In a project I led in 2025, we hit a bottleneck at 15,000 concurrent users. The issue wasn't CPU; it was memory fragmentation. Each Yjs document in memory takes up space. We solved this by implementing an 'LRU Cache' for active documents and aggressively offloading inactive ones to S3 as binary blobs. Don't keep every document in RAM just because it's 'real-time'.
Gotchas: What the Docs Don't Tell You
1. Tombstone Accumulation
CRDTs work by never truly deleting data; they mark it as deleted (a 'tombstone'). If you have a document where users are constantly deleting and re-typing (like a high-traffic chat room), the document size will grow indefinitely. You must periodically 'garbage collect' by squashing the update history into a single snapshot. In Yjs, this means using Y.encodeStateAsUpdate(doc).

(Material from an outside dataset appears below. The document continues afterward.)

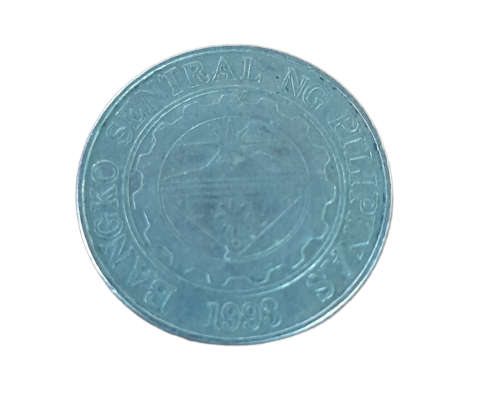 Philippines 1 Piso Non-Magnetic 1997 Coin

2. The Awareness State Overhead
Presence features ('Who is typing', mouse cursors) should not be persisted. Use the Yjs Awareness protocol for this. It's ephemeral and stays in RAM. I've seen developers try to save mouse coordinates to Postgres. Don't be that person. Your database will hate you, and your latency will spike.
3. Binary Protocol Debugging
WebSockets using CRDTs send binary data. Your browser's 'Network' tab will show you gibberish. Use the Yjs Inspector or a custom logging middleware in Hocuspocus to decode these updates during development, or you will spend hours wondering why a document isn't syncing when it's actually just a version mismatch between client and server packages.
Takeaway
Stop building 'real-time' features with 2015-era polling or simple JSON overrides. Transition your stack to a local-first architecture using Yjs and a dedicated WebSocket orchestrator like Hocuspocus. Today, your action item is to audit your most 'collaborative' data model and replace one 'Last Writer Wins' endpoint with a CRDT-backed sync provider. Your users' data integrity depends on it.